COVID-19 – Spesifik İntiharı Önleme Stratejileri
İntihar oranlarını azaltacak genel olarak önemli stratejilere, COVID-19’a özgü hedefler, kanıta dayalı önleme stratejileriyle birlikte aşağıda yer almaktadır..
Akıl Hastalığı veya Bağımlılığı Olan Kişiler için Riski Azaltın
İntihar riski birçok faktörden kaynaklansa da, akıl hastalığı potansiyel bir risk faktörüdür. Psikolojik otopsi yöntemlerini kullanan 30’dan fazla çalışma, intihar merhumları arasında% 85 ila% 95’inin muhtemelen tanı konmuş veya tedavi edilmiş ve muhtemelen ölüme katkıda bulunan psikiyatrik hastalık yaşadığını ortaya koymuştur.
COVID-19 sırasında, akıl sağlığında bozulma veya ciddi semptomların tekrarlama potansiyeli yükselir. Bu nedenle, akıl hastalığı olan veya ruh sağlığı zayıf olan kişilerin ihtiyaçlarına odaklanmak hayat kurtaracaktır. Önceliklendirilmesi gereken politika ve organizasyonel eylemler şunları içerir:
- Ruh sağlığı ve bağımlılığı hizmetlerinde COVID-19 sırasında ve sonrasında ulusal yatırımlar yapılmalı ve tele-akıl sağlığı hizmetlerinin sürdürülmesini ve güçlendirilmesini sağlamak gibi akıl sağlığı hizmetlerine erişimi sağlam bir şekilde artırmaya odaklanılmalı.
- Bakıma erişim eksikliği ve COVID-19’un ruh sağlığındaki bozulma üzerindeki etkisine ilişkin COVID-19 öncesi endişeler nedeniyle akıl sağlığı eşitliğini uygulayan yasalar çıkarılmalı.
- Toplum temelli kriz kaynaklarına reform ve yatırım yapılmalı.
- COVID-19 sırasında ve sonrasında, sağlık sistemleri Sıfır İntihar sistem değişikliğine girmeli ve intihar değerlendirmesi ve bakımının sanal sunumunu geliştirmelidir.
Uygulanması gereken diğer COVID-19’a özgü stratejiler şunları içerir:
- Ruh sağlığı, madde kötüye kullanımı ve intihar için COVID-19’a özgü risklere ve önleme stratejilerine yönelik ulusal araştırma yatırımı arttırılmalı.

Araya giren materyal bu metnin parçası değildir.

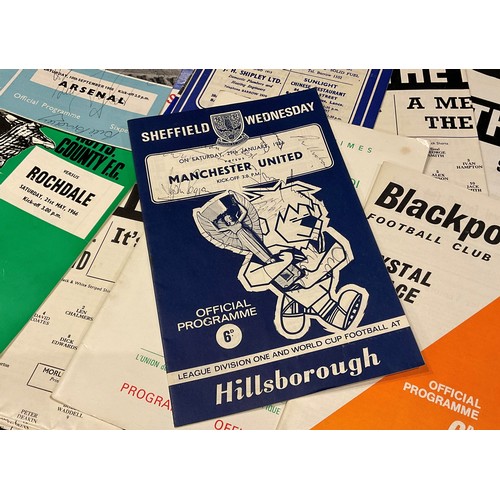 3416 - Sport, Football - a collection of 1950's and 1960's football programmes, including a 1951 Football L...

- Politika üretmeye, klinik ve araştırmayla ilgili karar verme sürecine COVID-19 ile ilgili yaşanmış deneyime ve diğer farklı geçmişlere sahip kişiler dahil edilmeli.
- JAMA Psikiyatri. 16 Ekim 2020: 10.1001 / jamapsychiatry.2020.3746 ‘den kısaltılarak düzenlenmiştir.